Edited highlights and themes from the podcast episode.

What defined the crude oil market in the second half of 2025?
The market was shaped by a clear tension between significant oversupply and persistent geopolitical risk. Large volumes of new supply came online, particularly from the Atlantic Basin, as Brazil, Guyana, Norway, Canada and Argentina ramped up production. At the same time, prices remained supported by geopolitical instability involving Russia, Ukraine, Iran and Venezuela, as well as Chinese stockpiling.

Why did global supply increase so sharply?
Many non-OPEC projects sanctioned years earlier reached full production at the same time, creating an unusual wave of new barrels. OPEC Plus unexpectedly raised output, reversing its previous strategy of withholding supply. This helped the group regain market share after two years of decline.

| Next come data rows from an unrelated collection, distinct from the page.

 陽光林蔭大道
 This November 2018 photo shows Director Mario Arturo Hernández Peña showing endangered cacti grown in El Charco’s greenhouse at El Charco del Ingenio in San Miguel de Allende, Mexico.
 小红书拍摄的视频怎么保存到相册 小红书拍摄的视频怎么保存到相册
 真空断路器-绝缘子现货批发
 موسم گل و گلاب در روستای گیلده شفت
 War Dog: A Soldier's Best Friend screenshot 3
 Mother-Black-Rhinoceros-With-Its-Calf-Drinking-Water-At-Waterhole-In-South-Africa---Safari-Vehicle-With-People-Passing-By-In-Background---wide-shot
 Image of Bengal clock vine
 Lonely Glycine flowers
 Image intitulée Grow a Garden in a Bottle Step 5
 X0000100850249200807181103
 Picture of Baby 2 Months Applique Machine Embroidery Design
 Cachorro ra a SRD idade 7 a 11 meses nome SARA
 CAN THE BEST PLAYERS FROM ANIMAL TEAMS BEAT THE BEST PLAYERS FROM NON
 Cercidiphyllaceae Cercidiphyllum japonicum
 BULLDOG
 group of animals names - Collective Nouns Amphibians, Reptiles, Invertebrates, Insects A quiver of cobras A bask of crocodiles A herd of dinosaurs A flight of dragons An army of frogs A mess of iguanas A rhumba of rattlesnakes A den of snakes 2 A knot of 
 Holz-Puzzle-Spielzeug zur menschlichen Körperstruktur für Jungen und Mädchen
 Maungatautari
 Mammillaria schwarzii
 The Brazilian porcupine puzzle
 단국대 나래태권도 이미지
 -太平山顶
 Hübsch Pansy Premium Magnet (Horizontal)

How has demand evolved, particularly in China?
China’s oil demand is plateauing due to rapid growth in electric vehicles. Core product demand is still rising but more slowly, with petrochemicals driving most future growth. China’s aggressive stockpiling absorbed around 90 per cent of the global oversupply from spring to December 2025.

Why has oil on water surged, and what does it signal?
Crude on water rose by more than 200 million barrels due to longer shipping routes, refinery closures in the West and sanctions on Russia and Iran. Despite the build, the market remains in backwardation, suggesting oversupply is partly offset by strong product markets and refining bottlenecks.

What is the outlook for 2026?
The market is expected to stay oversupplied, with grade imbalances becoming increasingly important. Light-sweet crude may be tighter, while medium-sour supply rises. US shale could reach a production peak, creating additional uncertainty. Geopolitics will remain a key risk factor, but significant price spikes look less likely given weakening global demand growth.